The work of THE WEEKLY STANDARD was briefly interrupted when a handful of Greenpeace stuntivists mounted a crane on a neighboring construction site, unfurled a banner, and then dangled in the air for several hours. Our office window had a perfect view of the pranksters as their banner folded in on itself, obscuring its message.
Still, it was difficult for The Scrapbook to perceive the point. The Greenpeace gesture attracted only modest attention on social media, and a few passersby paused to gawk and take photographs. The Washington Post did report that the high jinks “brought the construction of the new Fannie Mae headquarters to a halt,” but that was not quite true: Work continued on the site adjacent to the protest. Of course, several hundred office workers were prevented from getting to their jobs, several city blocks were barred to automobiles and delivery trucks, and a number of construction workers were reportedly sent home without pay. Greenpeace didn’t so much make new friends as make a nuisance of itself.

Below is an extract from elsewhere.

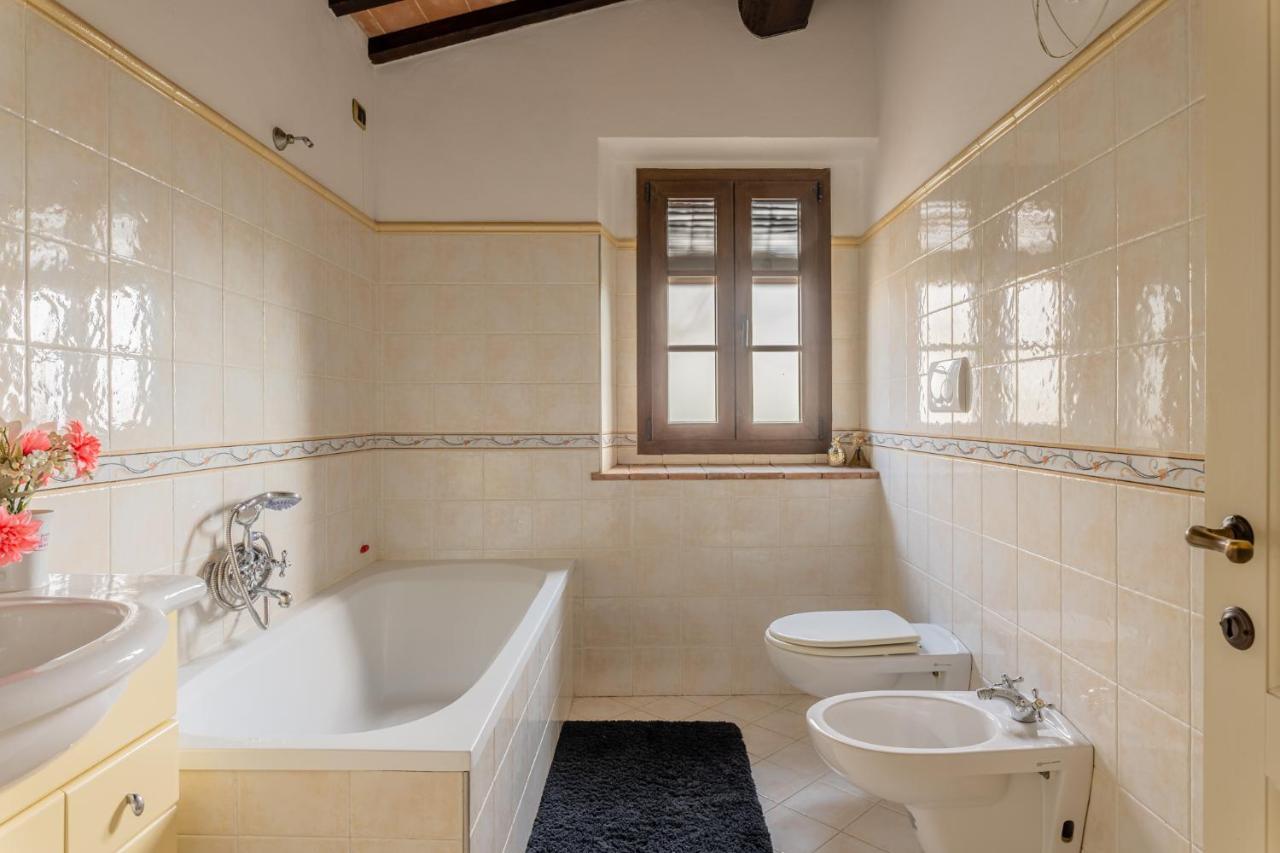 Casa Vecchia Rooms And Parking Gambassi Terme Eksteriør billede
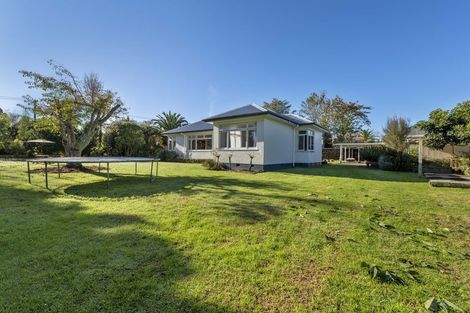 Photo of property in 46 Carthew Street, Okato, 4335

Such disruptions have lately been commonplace in the nation’s capital: The police will close streets and bar pedestrians so that the aggrieved can swarm, shriek, and vandalize. Marches are called daily for a host of unlikely causes. And especially since Donald Trump assumed the Oval Office, the streets of Washington have become an expanding stage for political theater. In the past, such spectacles were largely confined to the White House, the Capitol, and the National Mall. Now it’s citywide, a chronic urban annoyance like rats and cyclists.
The Scrapbook’s hope, grounded in long experience, is that the silliness will soon subside. Other than the protest professionals on the George Soros payroll, people will man the barricades for only so long. In a prosperous democracy, the thrill of mass protest wanes—especially when gaudy acts of civil disobedience do little other than snarl traffic and dent the wages of the hardhat crowd.